------ Dataset records

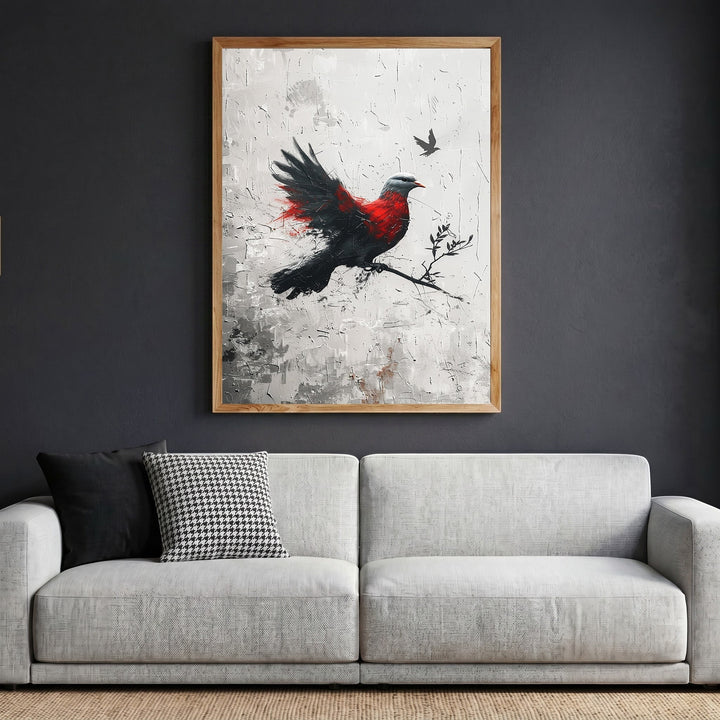 Wadi Home abstract bird canvas print with red and black brushstrokes in a wooden frame hanging above a modern sofa.
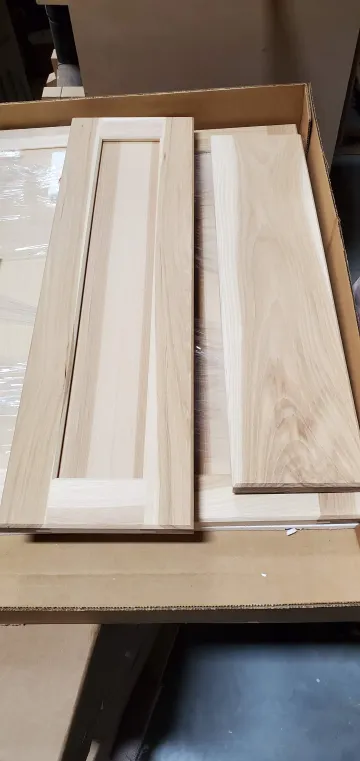 Close-up of modern white oak cabinet door showing natural grain and smooth finish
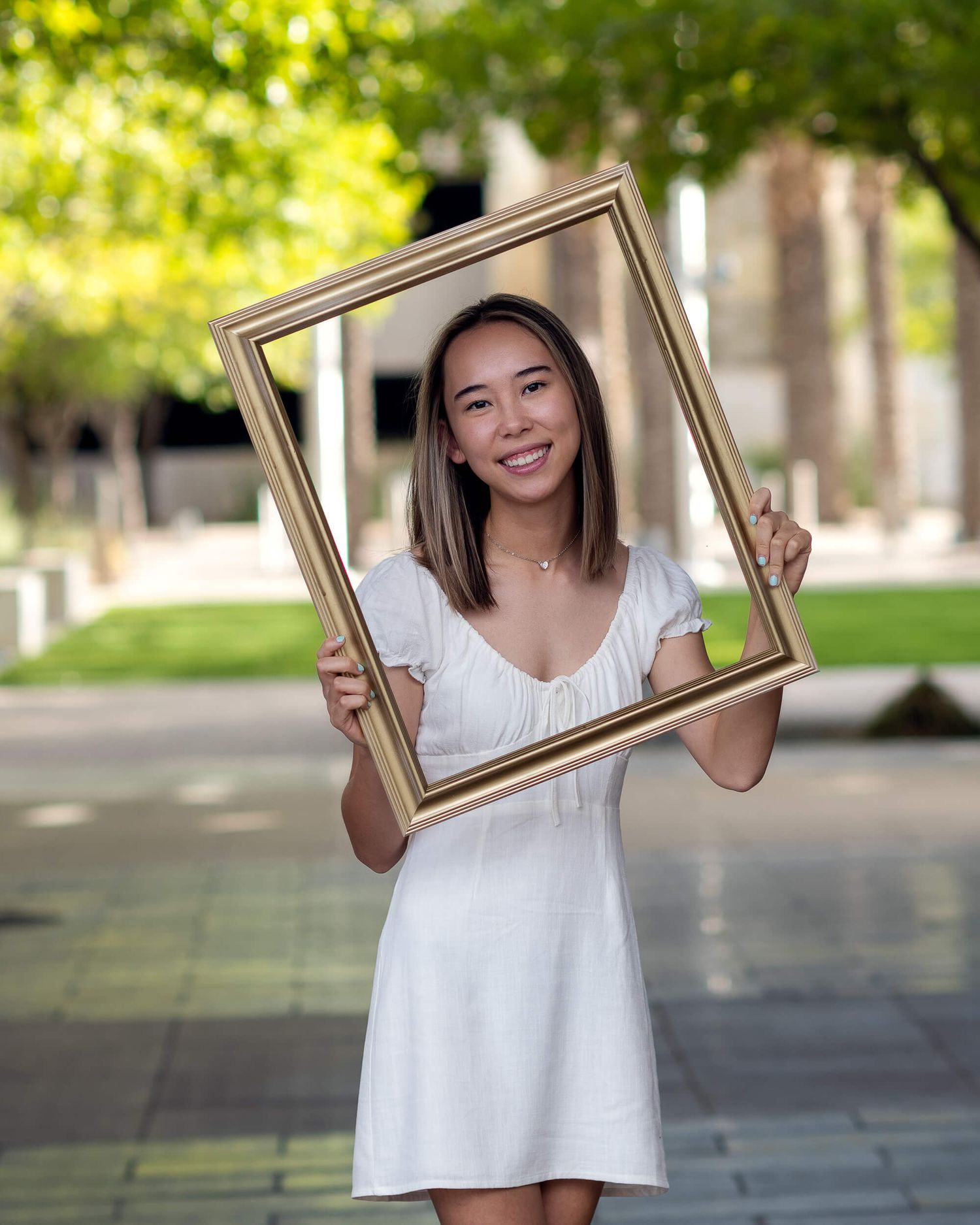 Smiling young woman in white dress holds golden picture frame outdoors in park setting.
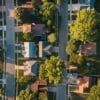 top view of homes with streets and trees no text no lettering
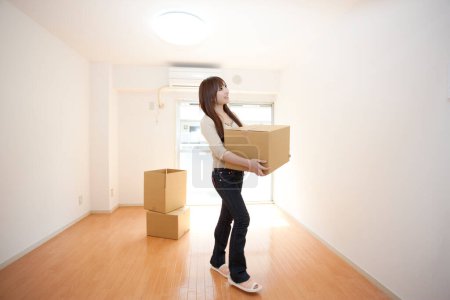Photo for Asian woman moving in new apartment - Royalty Free Image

------------

Required work
Hand over the entries again, exactly as written and without the pictures.

Answer area
 Wadi Home abstract bird canvas print with red and black brushstrokes in a wooden frame hanging above a modern sofa.
 Close-up of modern white oak cabinet door showing natural grain and smooth finish
 Smiling young woman in white dress holds golden picture frame outdoors in park setting.
 top view of homes with streets and trees no text no lettering
Photo for Asian woman moving in new apartment - Royalty Free Image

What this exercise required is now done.